Citation style for this article: Nicoll A, Ciancio B, Kramarz P, on behalf of the Influenza Project Team . Observed oseltamivir resistance in seasonal influenza viruses in Europe interpretation and potential implications. Euro Surveill. 2008;13(5):pii=8025. Available online:


In this week’s issue of Eurosurveillance, Zambon and colleagues describe the first findings of the European Union-funded European Surveillance Network for Vigilance Against Viral Resistance (VIRGIL) of some seasonal influenza viral isolates resistant to the antiviral drug oseltamivir in Europe [1]. Since the winter of 2004-5, a sample of influenza viral isolates have been routinely monitored by VIRGIL for antiviral resistance in a number of EU member states and other European countries [2]. Testing of the isolates for the 2007-8 season began in late January, with the finding that in the specimens for the first 10 countries, four countries had a proportion of seasonal influenza A/H1N1 with a mutation that confers a high level of resistance to the drug oseltamivir. The proportion of A/H1N1 isolates that were resistant was especially high in Norway [1], both in genome sequencing and phenotypical testing.

An interim risk assessment was published by the European Centre for Disease Prevention and Control (ECDC) on 27 January based on these preliminary findings and the available science [3]. As of January 31, resistant isolates have been found in nine out of 18 of the European countries whose specimens were tested (Denmark, Finland, France, Germany, the Netherlands, Norway, Portugal, Sweden and the United Kingdom (UK)) [1]. Although a high proportion of isolates have been found resistant (overall figure of approximately 14%), the sample size was relatively small, meaning this may not accurately reflect the proportion that are resistant among all infections. Norway and VIRGIL alerted the World Health Organization (WHO) and all 27 EU and the other two EEA countries (Iceland and Liechtenstein) through the International Health Regulations and Early Warning Response System. Further testing has begun in the laboratories of the Centre of Infections of the UK’s Health Protection Agency as well as the WHO Influenza Collaborating Centre in London, and through sequencing and phenotypic testing in national influenza centres. The WHO has held international consultations, and testing in WHO Collaborating Centres has identified similar findings in some other parts of the world, although not all. It is not yet clear from where these viruses emerged, or why. However, as they are in Europe, we must address them. The fact that the first findings came from Europe may simply be a reflection of the surveillance methods used here and the timeliness of the work. They should not be taken to imply that they emerged in Europe. The WHO is now coordinating further investigations at a global level, while the ECDC, working with the WHO European Region and the European Commission, is coordinating investigations in the EU and EEA/EFTA countries.

The oseltamivir resistance investigation is still in its early stages, with a small number of samples from several countries tested. A more accurate picture will only emerge when many more specimens have been tested and more epidemiological information is available.

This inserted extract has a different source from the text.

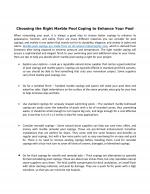 Choosing the Right Marble Pool Coping to Enhance Your Pool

Influenza activity this season has only recently begun to significantly increase in Europe and A/H1N1 has been the predominant strain circulating so far [4]. From the samples examined to date, the proportions of the new virus A/H1N1 with the H274Y mutation appear to be low [1].

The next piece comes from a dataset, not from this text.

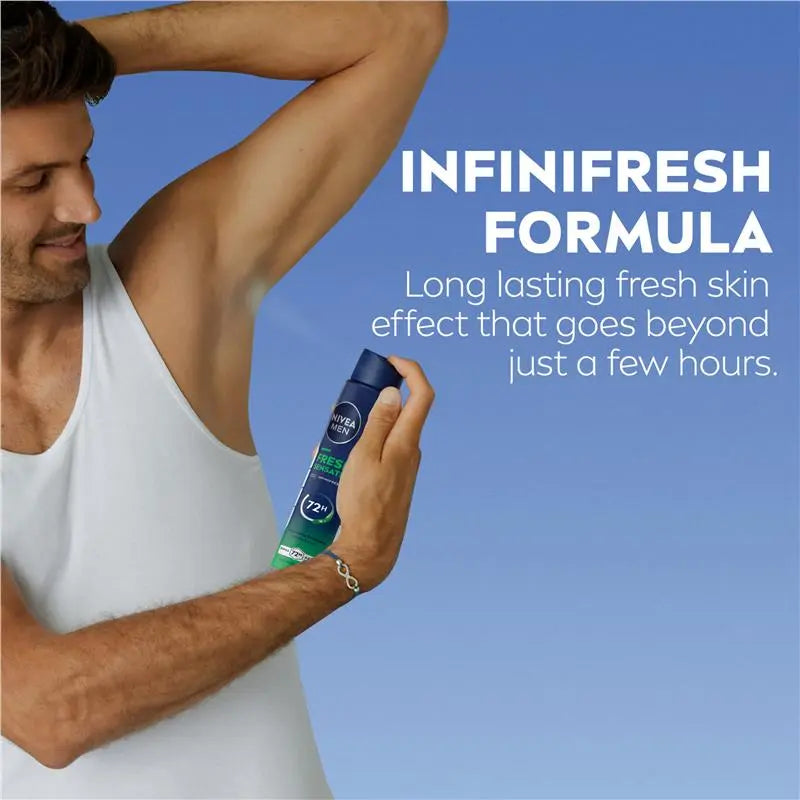 Nivea Men Fresh Sensation Deodorant 72hour 250ml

Oseltamivir is seemingly not frequently used in Europe, although better data needs to be acquired on this and the use of other antivirals. There has been no evidence to date that any of the Norwegian patients were exposed to the drug before their infection. Therefore, the resistance is unlikely to be related to antiviral medication use in individual patients in Europe. For the same reason, these findings have fewer clinical implications for routine clinical treatment of mild influenza infections than if oseltamivir was used more widely. The ECDC’s interim risk assessment also emphasised that the findings are not related to avian influenza (the similarly named A/H5N1), pandemics or pandemic preparedness. However, they are a timely reminder of the ability of influenza viruses to develop antiviral resistance and the fact that it cannot be guaranteed that any novel influenza virus emerging will be sensitive to any particular antiviral medication [5,6,7,8].

Influenza seasons in which H1N1 viruses predominate are typically associated with less severe illness and lower overall mortality than seasons in which other influenza A viruses predominant. There is currently no evidence that the mutated H1N1 strain is any more virulent than other strains of seasonal influenza (all the Norwegian patients had typical influenza illnesses), but any influenza A can nevertheless cause severe disease or be fatal for vulnerable people, including infants, the elderly and those with chronic debilitating disease.

The circulating A/H1N1 viruses, including the oseltamivir-resistant ones, are well matched with the current seasonal influenza vaccine, meaning that those who have been vaccinated are already at a lower risk of contracting the disease or developing severe complications than those who have not yet been immunised. The tests conducted so far have also shown that the mutated viruses are fully susceptible to the other currently available antiviral drugs, zanamivir and the adamantanes (amantadine and rimantadine) [1]. However, it is agreed that there is currently insufficient evidence for authorities to consider changes to clinical guidelines.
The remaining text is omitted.